Our Board of Directors is currently comprised of four members. The term of each director is until the next annual meeting of shareholders or until he resigns or is succeeded by another qualified director who has been elected. The following is a list of our executive officers and the current members of our Board of Directors, including each member’s age, the year he became a director or officer of the Company and his current positions with the Company:
 
Name
 
Position With the Company
 
Age
   
Since
 
Scot Cohen
 
Executive Chairman
   
47
     
2012
 
Glenn C. Pollack  
 
Director
   
58
     
2012
 
John Wallace 
 
Director
   
42
     
2013
 
Fred Zeidman (1)(2)
 
Director
   
70
     
2012
 
David Briones
 
Chief Financial Officer
   
40
     
2013
 
Stephen Brunner
 
President
           
2015
 
 
(1)
Member of Audit Committee
(2)
Member of Compensation Committee
 
Scot Cohen has over 20 years of experience in institutional asset management, wealth management, and capital markets.  Scot is the founder and principal of the Iroquois Capital Opportunity Fund, a closed end private equity fund focused on investments in North American oil and gas assets.  He is also the co-founder of Iroquois Capital, a New York based hedge fund.  In addition, he manages several operating and non-operating partnerships, which actively invest in the energy sector.
 
Prior to founding Iroquois Capital, Scot founded a merchant bank based out of New York, which was one of the most active participants in structured investments in public companies (PIPES) in the United States over the four year period he was actively managing the business.  Scot began his career at Oppenheimer and Company in a sales capacity and transitioned from there to a boutique investment-banking firm where he spent two years. Scot currently sits on the board of directors of True Drinks Holding, Inc. (OTCBB:  TRUU), as well as several private companies, and is involved a number of charitable ventures.  Scot earned a Bachelor of Science degree from Ohio University in 1991.

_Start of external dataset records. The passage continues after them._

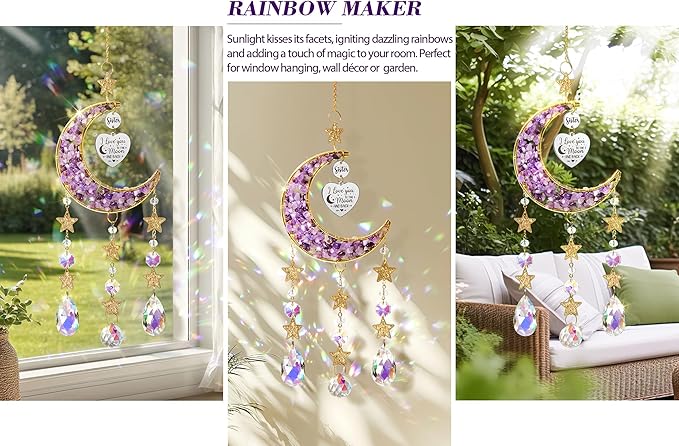 Sisters Gifts from Sister for Sister from Brother, Best Sister Gifts Unique Sister Birthday Gifts for Sister in Law Soul Sister, Moon Crystal Suncatcher for Window Hanging Decor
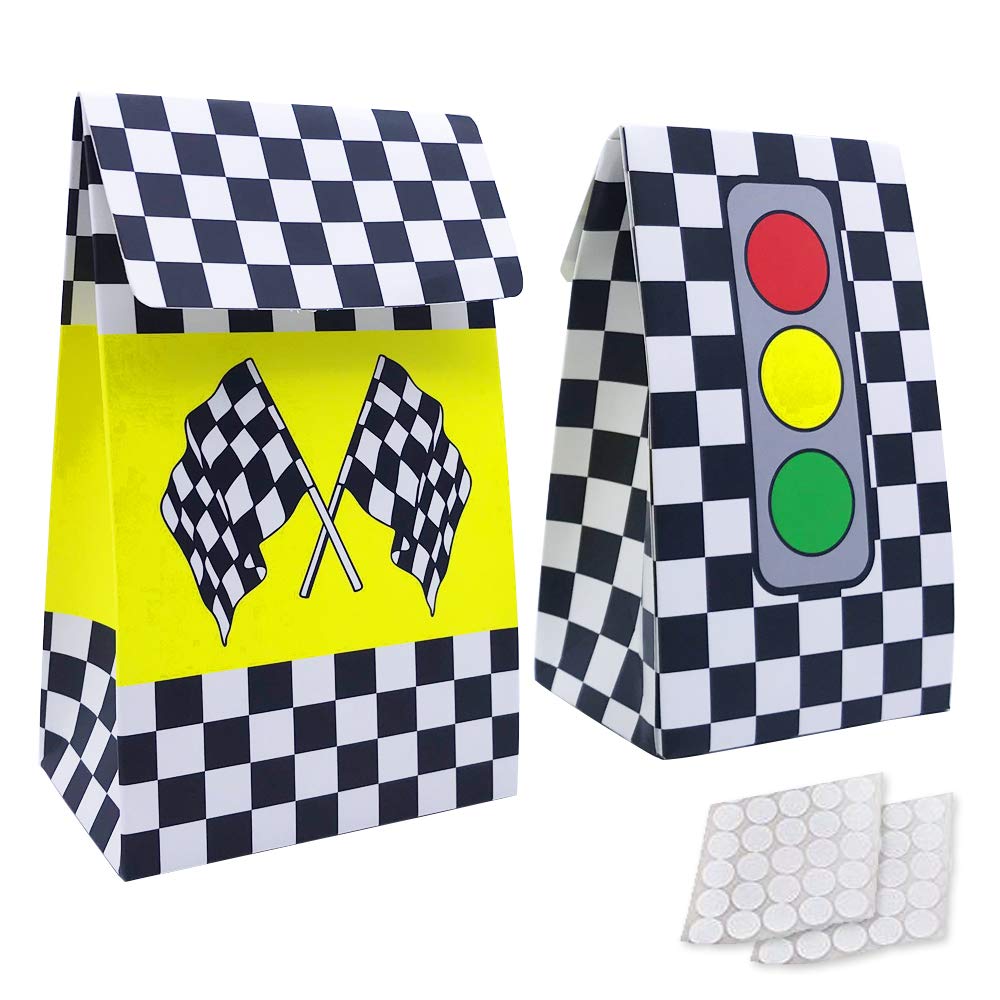 VDESFUEBY 20 Packs Checkered CM31Racing Treat Bags Race Car Theme Party Favors for Sports Event and Kids Birthday Supplies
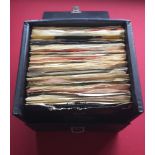 ROCK BOX OF 7" VINYL 45RPM RECORDS. Some of the greats found in this superb box of rock delight's to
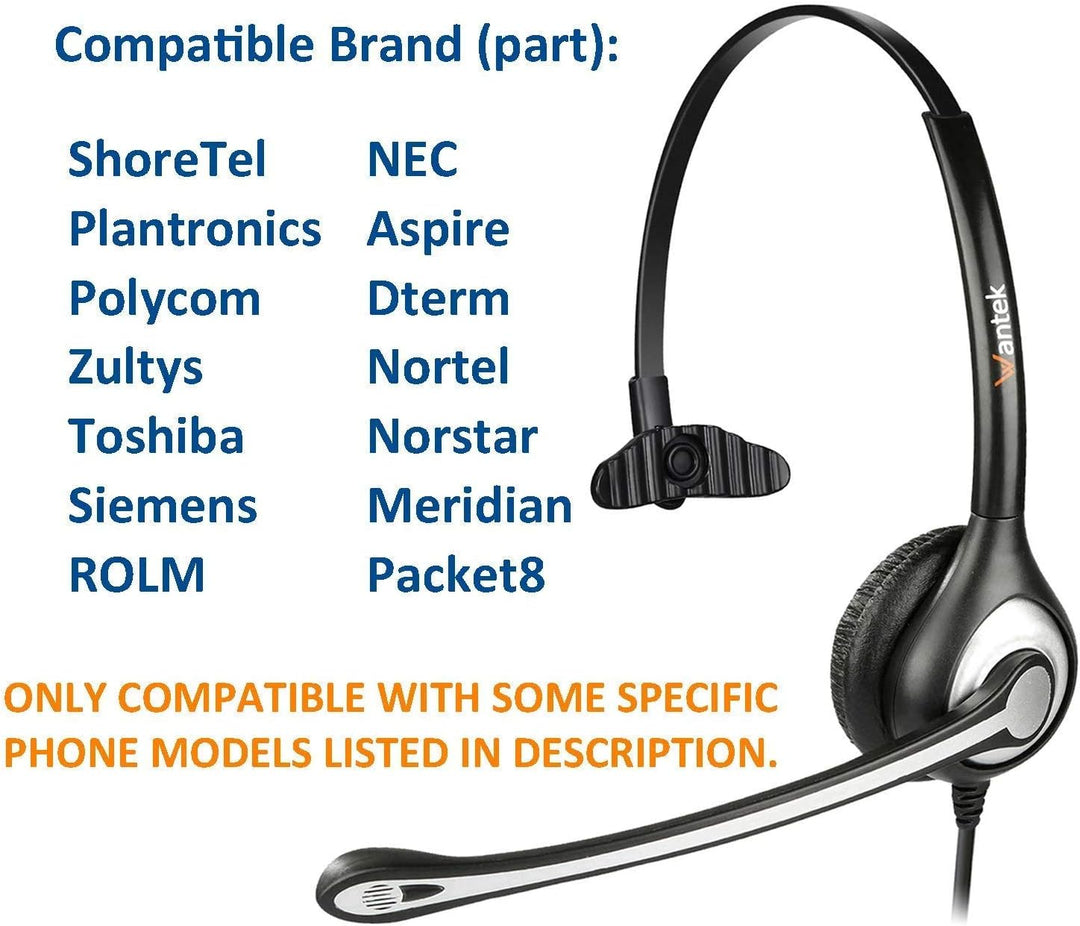 Wantek Telefon Headset Mono mit Noise Cancelling Mikrofon, Quick Disconnect, Call Center Kopfhörer f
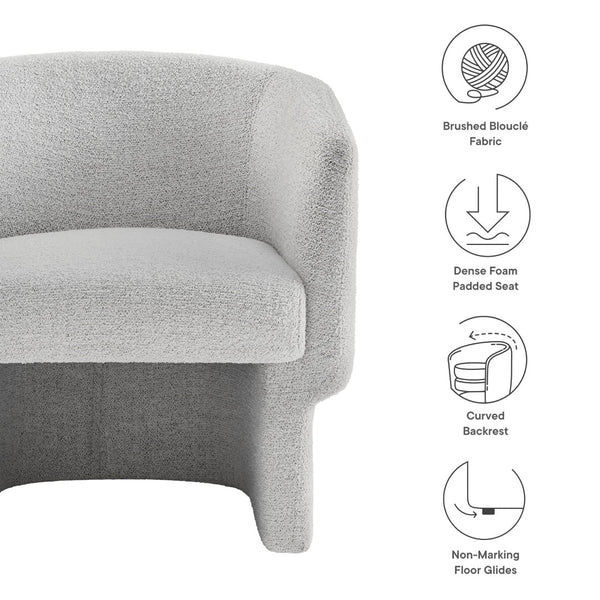 Modway Furniture Muse Boucle Fabric Barrel Accent Chair – Sculptural Comfort with Modern Style for Any Space Newsprint EEI-7100-NPT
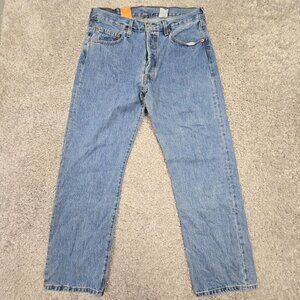 Levi’s 501 Jeans Mens‎ 34x30 Light Wash Button Fly Vintage Y2K Straight Denim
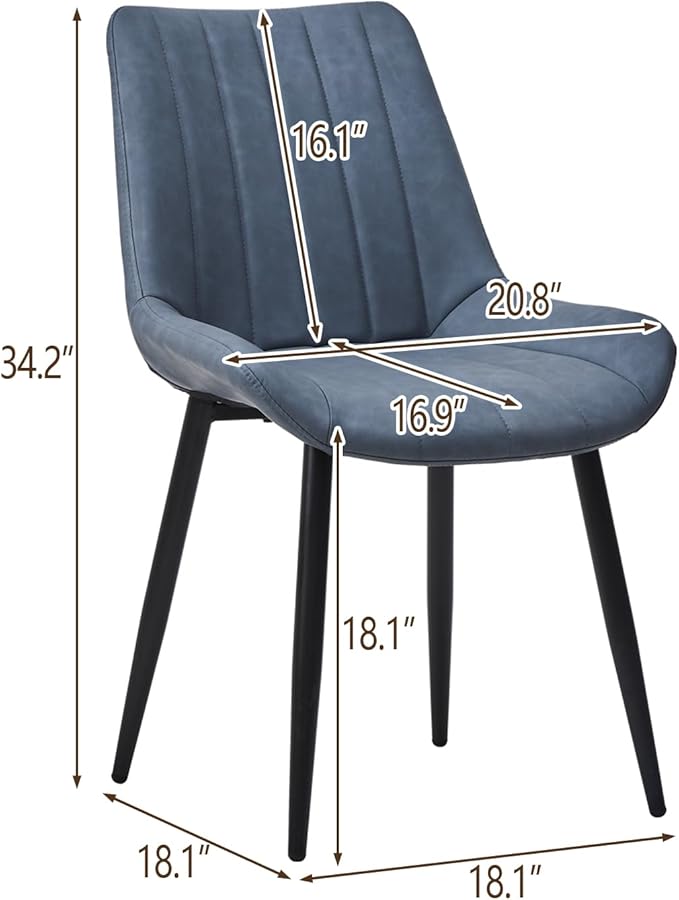 TUKAILAi Faux Leather Dining Chairs Set of 2, Modern Linear Design Kitchen Chairs with Upholstered Seat and Metal Legs, Comfortable Side Chairs for Dining Room Restaurant Commercial (Blue)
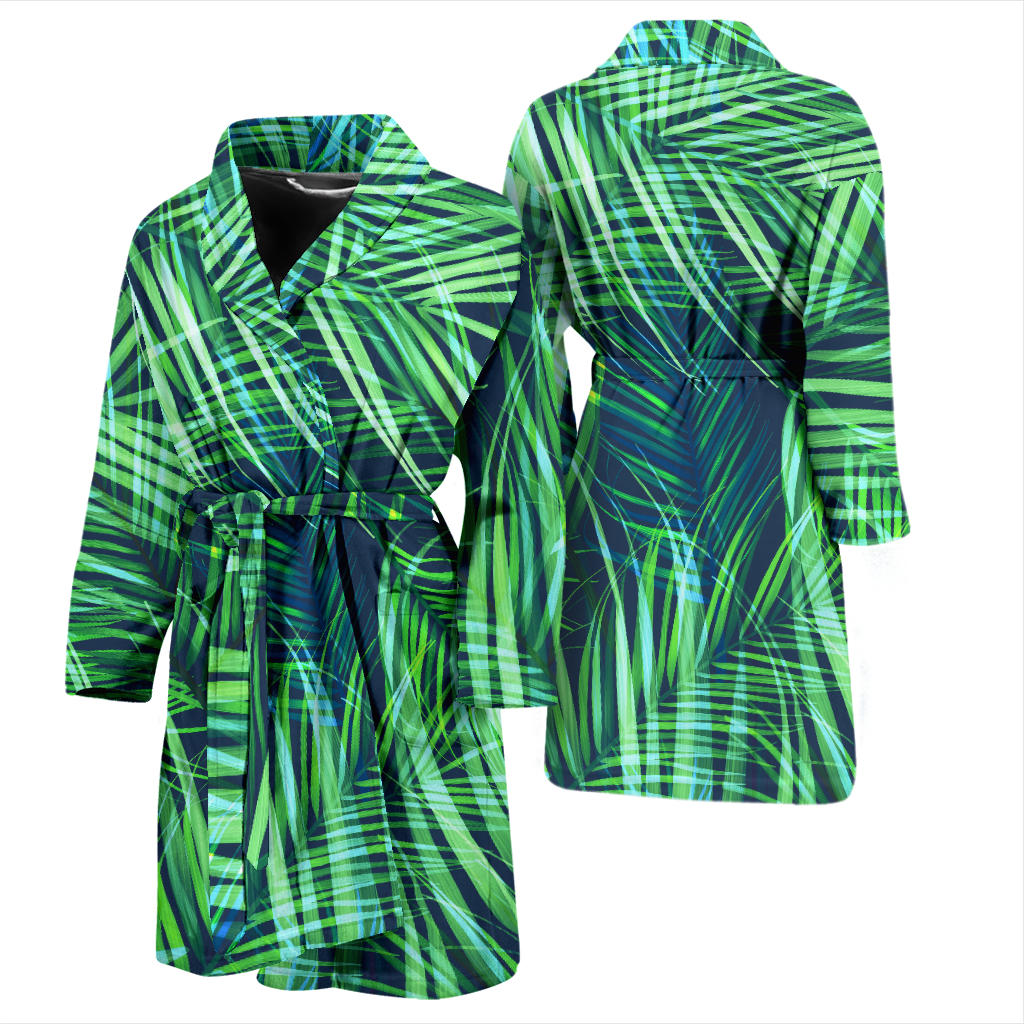 Palm Leaves Pattern Print Design PL02 Men Bathrobe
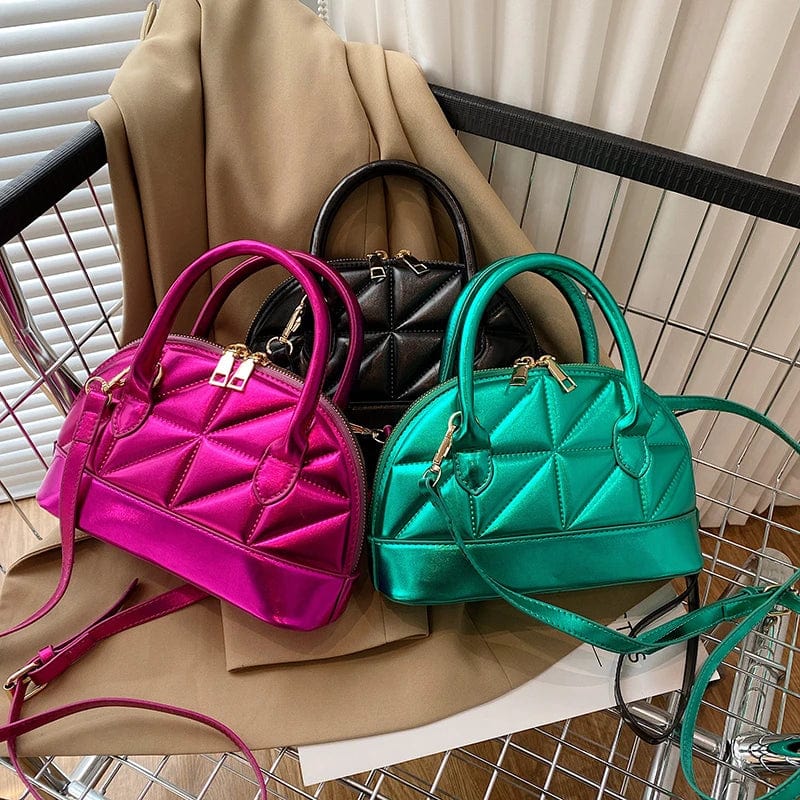 High Quality Top Selling Metallic Shiny Shell Fashion Designer Bag Women Leather Trendy Luxury Purse Handbags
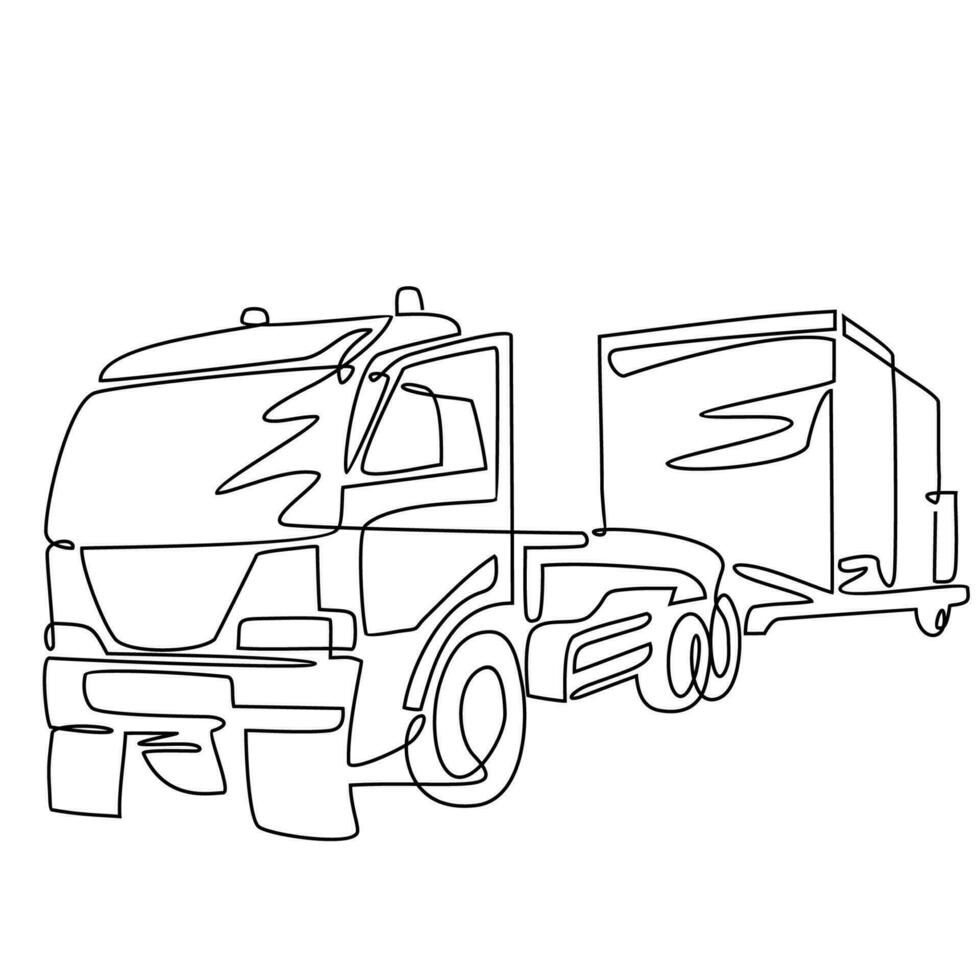 vrachtauto met doos uitrusting pakket Bij industrieel macht fabriek in doorlopend lijn kunst tekening stijl. ontwerp met minimalistische zwart lineair ontwerp geïsoleerd Aan wit achtergrond. vector illustratie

The Board’s Nomination Committee believes Mr. Cohen’s extensive investment banking experience advising oil and gas companies, as well as his operational expertise developing oil and gas assets, is valuable to the Board of Directors and its deliberations, and is particularly beneficial as the Company continues to develop its oil and gas assets.
 
Glenn C. Pollack is a Managing Director and Founder of Candlewood Partners, LLC (“Candlewood”), a merchant bank focused on middle market corporate finance and infrastructure projects, and is the Manager of Green Bull Georgia Partners, LLC, a special purpose vehicle controlled by Mr. Pollack established to purchase certain senior debt of Register Communications, Inc (“Register”). In connection with the purchase of the senior debt, Mr. Pollack became a director of Register, which filed for Chapter 11 protection under the United States Bankruptcy Code in December 2015. Prior to founding Candlewood, Mr. Pollack was a Managing Director and Principal of a middle market investment banking firm with offices in Chicago and Cleveland. He was responsible for the Restructuring Group and was involved in other corporate finance transactions including mergers and acquisitions and capital raising for special situations. He also spent five years as the CEO of a regional distributor of perishable foods with annual revenues of $180 million and over 250 employees in four states. Mr. Pollack is a certified public accountant and has worked for Price Waterhouse as a consultant and for Deloitte as an auditor.

The Board’s Nomination Committee believes Mr. Pollack’s success with multiple investment banking firms, his extensive contacts within the investment community, his executive management experience and financial and accounting expertise will assist the Company’s efforts to raise capital to fund the continued implementation of the Company’s business plan.
 
John Wallace graduated from Syracuse University in May 1996 with a Bachelor’s of Science degree in sociology. From June 1996 through May 2004, Mr. Wallace was a professional basketball player associated with the National Basketball Association. Since April 2009, Mr. Wallace has been an alumni relations and fan development representative for the New York Knicks, a professional basketball team aligned with the National Basketball Association. In that capacity, Mr. Wallace works on community public relations and fan development initiatives, along with sponsorship and marketing programs. In January 2013, Mr. Wallace joined Hotaling Insurance Group as an insurance agent. In February 2013, Mr. Wallace became an Executive Board Member of Heavenly Productions Foundation, a not for profit charitable organization dedicated to helping children in need or in distress. Since October 2007, Mr. Wallace has served as Vice President of Winning Because I Tried, a non-profit he co-founded in 2007, and whose focus is on academic success, social interaction, peer pressure awareness, and sound decision-making for children ages 8-18. Since 2006, Mr. Wallace has been President and General Manager of Rochester AAU Basketball, a program he founded in March 2006, which is designed to leverage sports as a means for youth to obtain a college education.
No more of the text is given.